# [Records for processing]

== Segment start ==

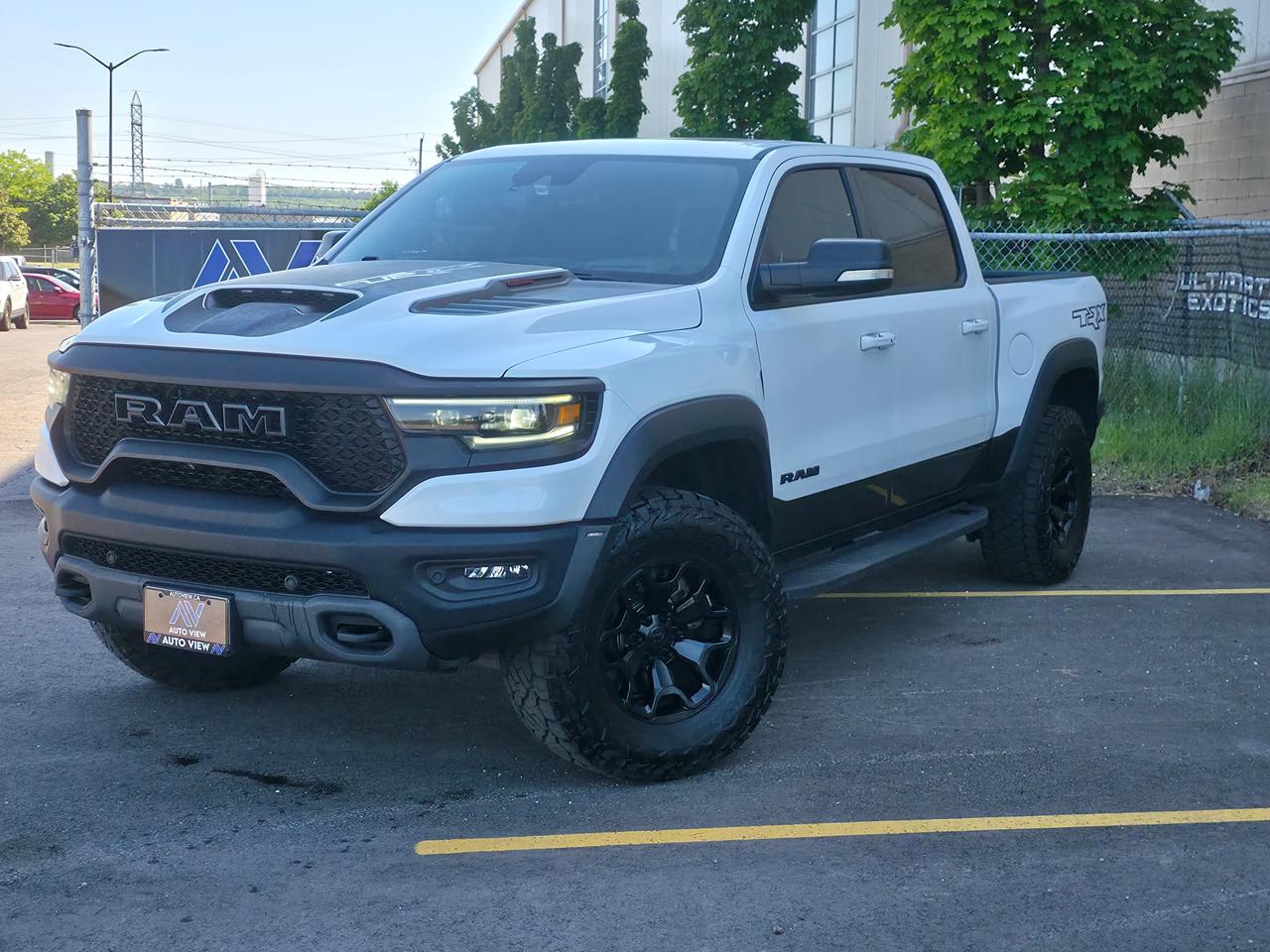 <p dir=ltr>JUST ARRIVED!!</p><p dir=ltr>2021 RAM 1500 TRX</p><p dir=ltr>EXCELLENT PERFORMANCE PICKUP TRUCK!!</p><p dir=ltr>The 2021 Ram 1500 TRX is a high-performance, wide-body pickup truck powered by a 6.2-litre supercharged HEMI&reg; V8 Hellcat engine. This ultimate off-road predator produces an astonishing 702 horsepower and 650 lb-ft of torque. It was specifically engineered by Ram to dominate high-speed desert trails while maintaining premium on-road luxury.</p><p dir=ltr><strong>Key Performance Specifications:</strong></p><p dir=ltr><strong>Acceleration:</strong> 0 to 100 kph in 4.5 seconds (tested as low as 3.7 seconds by automotive news outlets).</p><p dir=ltr><strong>Quarter Mile:</strong> Clocks in at 12.9 seconds at the track.</p><p dir=ltr><strong>Top Speed:</strong> Electronically limited to 190 kph due to its specialized off-road tires.</p><p dir=ltr><strong>Towing & Payload:</strong> Max towing capacity of 8,100 lbs and a payload capacity of 1,310 lbs.</p><p dir=ltr><strong>Fuel Economy:</strong> EPA-rated at a thirsty 23.5 city / 16.8 highway L/100km</p><p dir=ltr><strong>Engine:</strong> 6.2L Supercharged Hellcat V8</p><p dir=ltr><strong>Horsepower:</strong> 702 hp</p><p dir=ltr><strong>Torque:</strong> 650 lb-ft</p><p dir=ltr><strong>Transmission:</strong> ZF 8HP95 8-speed automatic</p><p dir=ltr><strong>Off-Road Capabilities:</strong></p><p dir=ltr><strong>Massive Stance:</strong> Built 8 inches wider with a 6-inch wider track than a standard Ram 1500.</p><p dir=ltr><strong>Bilstein Dampers:</strong> Equipped with Bilstein Black Hawk e2 adaptive shocks providing over 13 inches of suspension travel.</p><p dir=ltr><strong>Ground Clearance:</strong> Sits on 35-inch Goodyear Wrangler Territory All-Terrain tires, providing 11.8 inches of clearance.</p><p dir=ltr><strong>Drive Modes:</strong> Features 8 performance modes including Baja, Sport, Rock, Mud/Sand, and Snow, alongside a dedicated Launch Control system.</p><p dir=ltr><strong>Intake System:</strong> Uses a functional dual-path hood scoop and grille that filters out heavy dust and sand</p><p dir=ltr><strong>Interior & Technology:</strong></p><p dir=ltr><strong>Seating:</strong> Premium materials including leather and Alcantara suede, with available heated and ventilated front/rear seats.</p><p dir=ltr><strong>Infotainment:</strong> A massive vertically oriented 12-inch touchscreen with performance, dyno, and off-road monitoring pages.</p><p dir=ltr><strong>Audio:</strong> Available 19-speaker Harman Kardon premium sound system.</p><p dir=ltr style=line-height: 1.2; margin-top: 12pt; margin-bottom: 12pt;>&nbsp;</p><p dir=ltr style=line-height: 1.2; margin-top: 12pt; margin-bottom: 12pt;><span style=font-size: 11pt; font-family: Roboto,sans-serif; color: #000000; background-color: transparent; font-weight: 400; font-style: italic; font-variant: normal; text-decoration: none; vertical-align: baseline; white-space: pre-wrap;>**VEHICLE BEING SOLD ON CONSIGNMENT** </span></p><p dir=ltr style=line-height: 1.2; margin-top: 12pt; margin-bottom: 12pt;><span style=font-size: 11pt; font-family: Roboto,sans-serif; color: #000000; background-color: transparent; font-weight: 400; font-style: italic; font-variant: normal; text-decoration: none; vertical-align: baseline; white-space: pre-wrap;>FINANCING AND LEASING AVAILABLE ON ALL CERTIFIED VEHICLES.</span></p><p dir=ltr style=line-height: 1.2; margin-top: 12pt; margin-bottom: 12pt;><span style=font-size: 11pt; font-family: Roboto,sans-serif; color: #000000; background-color: transparent; font-weight: 400; font-style: italic; font-variant: normal; text-decoration: none; vertical-align: baseline; white-space: pre-wrap;>HST and Licensing Fees are to be charged on all vehicles.&nbsp;</span></p><p dir=ltr style=line-height: 1.2; margin-top: 12pt; margin-bottom: 12pt;><span style=font-size: 11pt; font-family: Roboto,sans-serif; color: #000000; background-color: transparent; font-weight: 400; font-style: italic; font-variant: normal; text-decoration: none; vertical-align: baseline; white-space: pre-wrap;>All CERTIFIED vehicles come with a 36-day Safety Guarantee.</span></p><p dir=ltr style=line-height: 1.2; margin-top: 12pt; margin-bottom: 12pt;><span style=font-size: 11pt; font-family: Roboto,sans-serif; color: #000000; background-color: transparent; font-weight: 400; font-style: italic; font-variant: normal; text-decoration: none; vertical-align: baseline; white-space: pre-wrap;>ALL CERTIFIED VEHICLES COME WITH A BRONZE GLOBAL WARRANTY (3 MONTH / 3,000 KM / $1,000 PER CLAIM)</span></p><p dir=ltr style=line-height: 1.2; margin-top: 12pt; margin-bottom: 12pt;><span style=font-size: 11pt; font-family: Roboto,sans-serif; color: #000000; background-color: transparent; font-weight: 400; font-style: italic; font-variant: normal; text-decoration: none; vertical-align: baseline; white-space: pre-wrap;>EXTENDED GLOBAL WARRANTY OPTIONS AVAILABLE ON ALL CERTIFIED VEHICLES.</span></p><p dir=ltr style=line-height: 1.2; margin-top: 12pt; margin-bottom: 12pt;><span style=font-size: 11pt; font-family: Roboto,sans-serif; color: #000000; background-color: transparent; font-weight: 400; font-style: italic; font-variant: normal; text-decoration: none; vertical-align: baseline; white-space: pre-wrap;>Auto View is located at 590 South Service Road Stoney Creek, only minutes off the QEW Exit 83 Fruitland Road!</span></p><p dir=ltr style=line-height: 1.2; margin-top: 12pt; margin-bottom: 12pt;><span style=font-size: 11pt; font-family: Roboto,sans-serif; color: #000000; background-color: transparent; font-weight: 400; font-style: italic; font-variant: normal; text-decoration: none; vertical-align: baseline; white-space: pre-wrap;>Contact us VIA email, call, or text!</span></p><p dir=ltr style=line-height: 1.2; margin-top: 12pt; margin-bottom: 12pt;><span style=font-size: 11pt; font-family: Roboto,sans-serif; color: #000000; background-color: transparent; font-weight: 400; font-style: italic; font-variant: normal; text-decoration: none; vertical-align: baseline; white-space: pre-wrap;>sales@autoview.ca</span></p><p style=line-height: 1.2;><span id=docs-internal-guid-dc6619b1-7fff-14fb-1847-6df547af7f68></span></p><p dir=ltr style=line-height: 1.2; margin-top: 12pt; margin-bottom: 12pt;><span style=font-size: 11pt; font-family: Roboto,sans-serif; color: #000000; background-color: transparent; font-weight: 400; font-style: italic; font-variant: normal; text-decoration: none; vertical-align: baseline; white-space: pre-wrap;>905-379-4206</span></p>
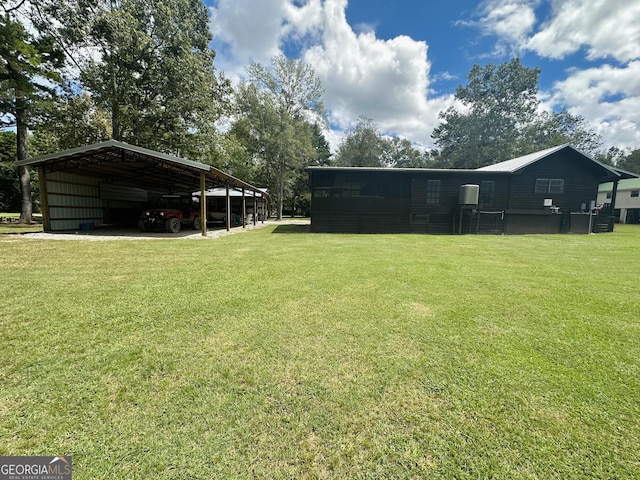 view of yard featuring a carport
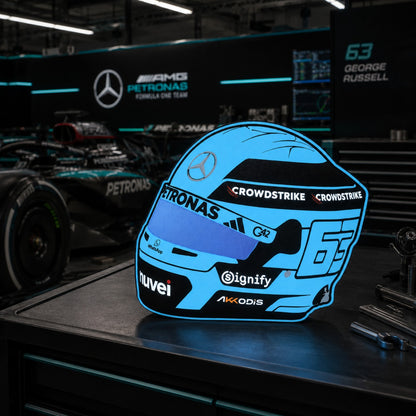 George Russell Mercedes helmet LED light box in a Mercedes Formula One garage-style setting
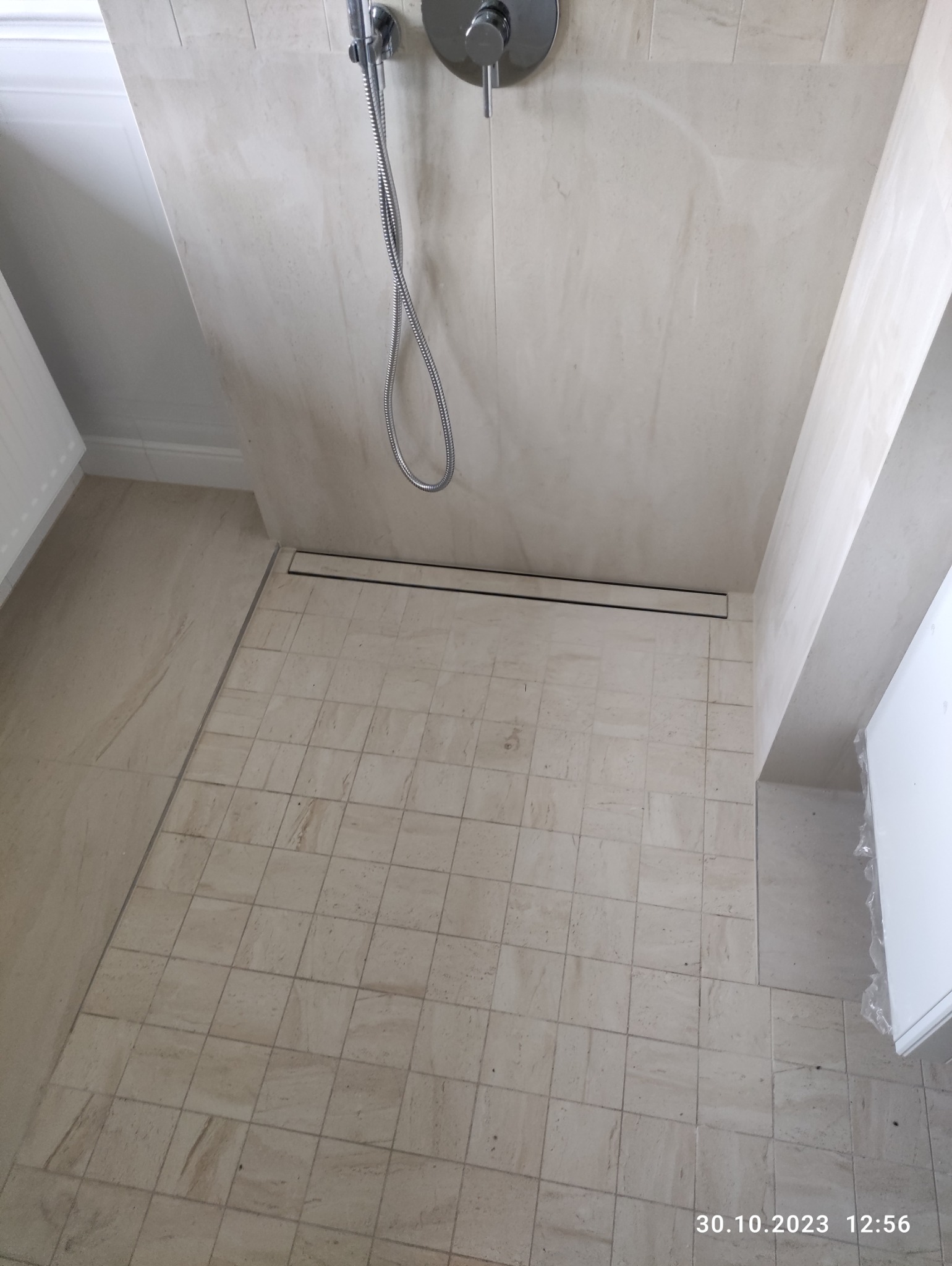 Wykończona kabina prysznicowa z beżowymi płytkami, odpływ liniowy w posadzce, bateria natryskowa zamontowana na ścianie.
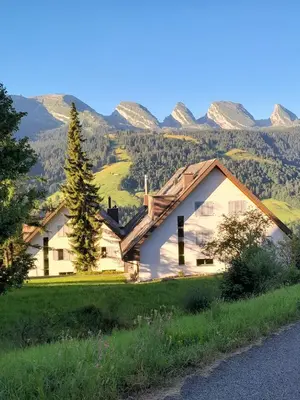 a house on a hill with mountains in the background at Vista Montagna in Unterwasser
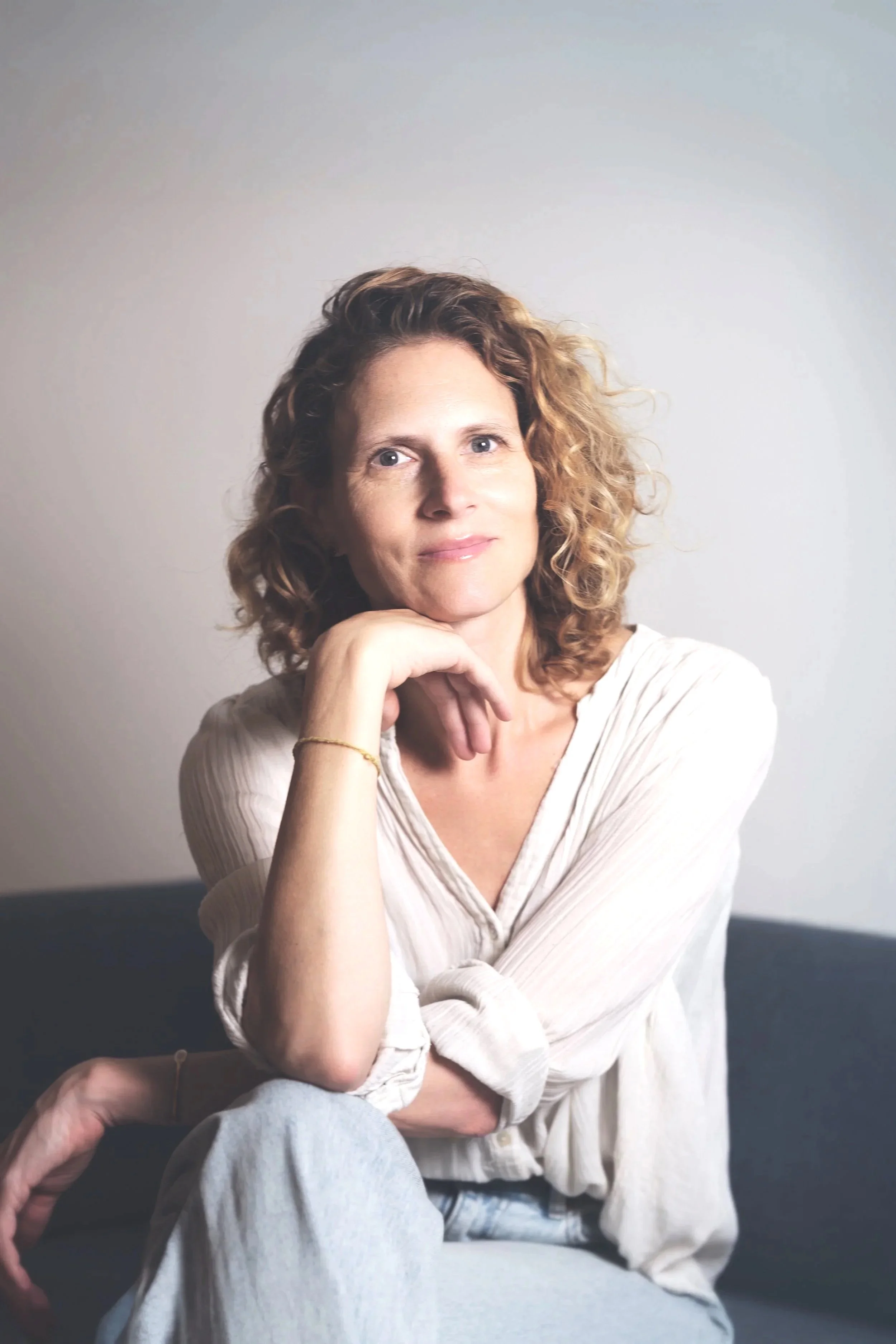 Portrait of a woman with curly hair sitting on a couch, resting her chin on her hand, wearing a white blouse and light-colored jeans, with a neutral background.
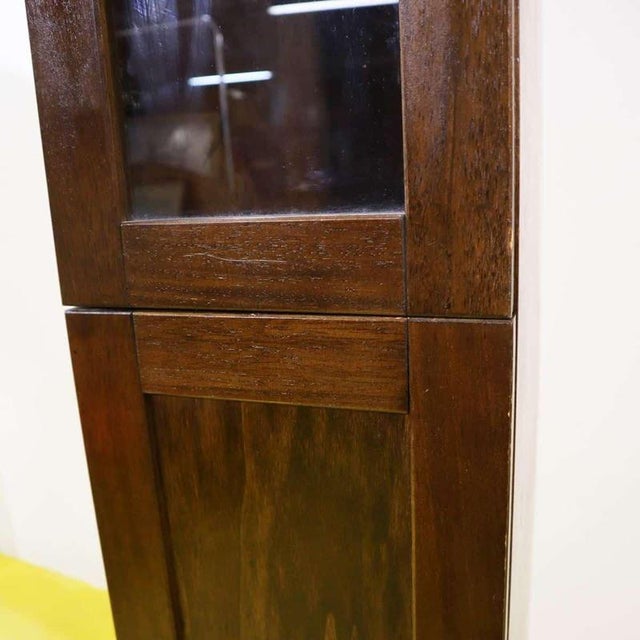 Wooden column cabinet featuring a glass door and ceramic knobs.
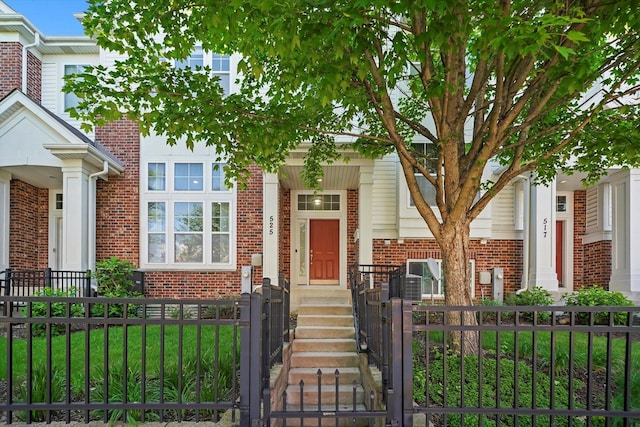 525 Plaza Pl, Aurora, IL 60504 - view of front of property with brick siding, a fenced front yard, and a gate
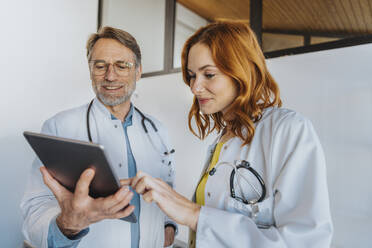 Allgemeinmediziner bei der Arbeit an einem digitalen Tablet, während er neben einem Kollegen in der Klinik steht - MFF07516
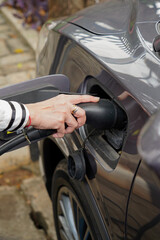 close up of  hand  holding a electric vehicle charger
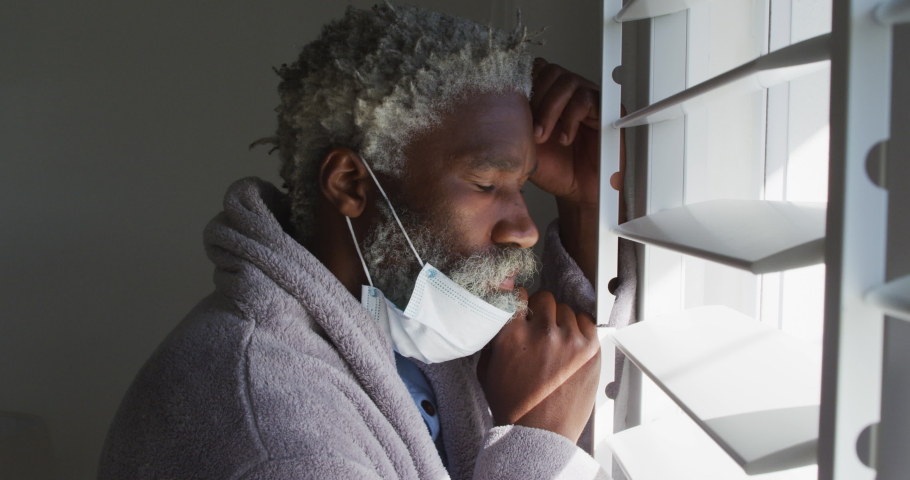 African American senior man standing in a bedroom, wearing a face mask, looking through a window, social distancing and self isolation in quarantine lockdown, slow motion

== Segment end ==

# [Description of the task]
Could the stretch from the line with "view of yard featuring a carport" through the line with "a house on a" in the listing above be restated word for word, minus the pictures?

# [Reply]
 view of yard featuring a carport
 George Russell Mercedes helmet LED light box in a Mercedes Formula One garage-style setting
 Wykończona kabina prysznicowa z beżowymi płytkami, odpływ liniowy w posadzce, bateria natryskowa zamontowana na ścianie.
 a house on a hill with mountains in the background at Vista Montagna in Unterwasser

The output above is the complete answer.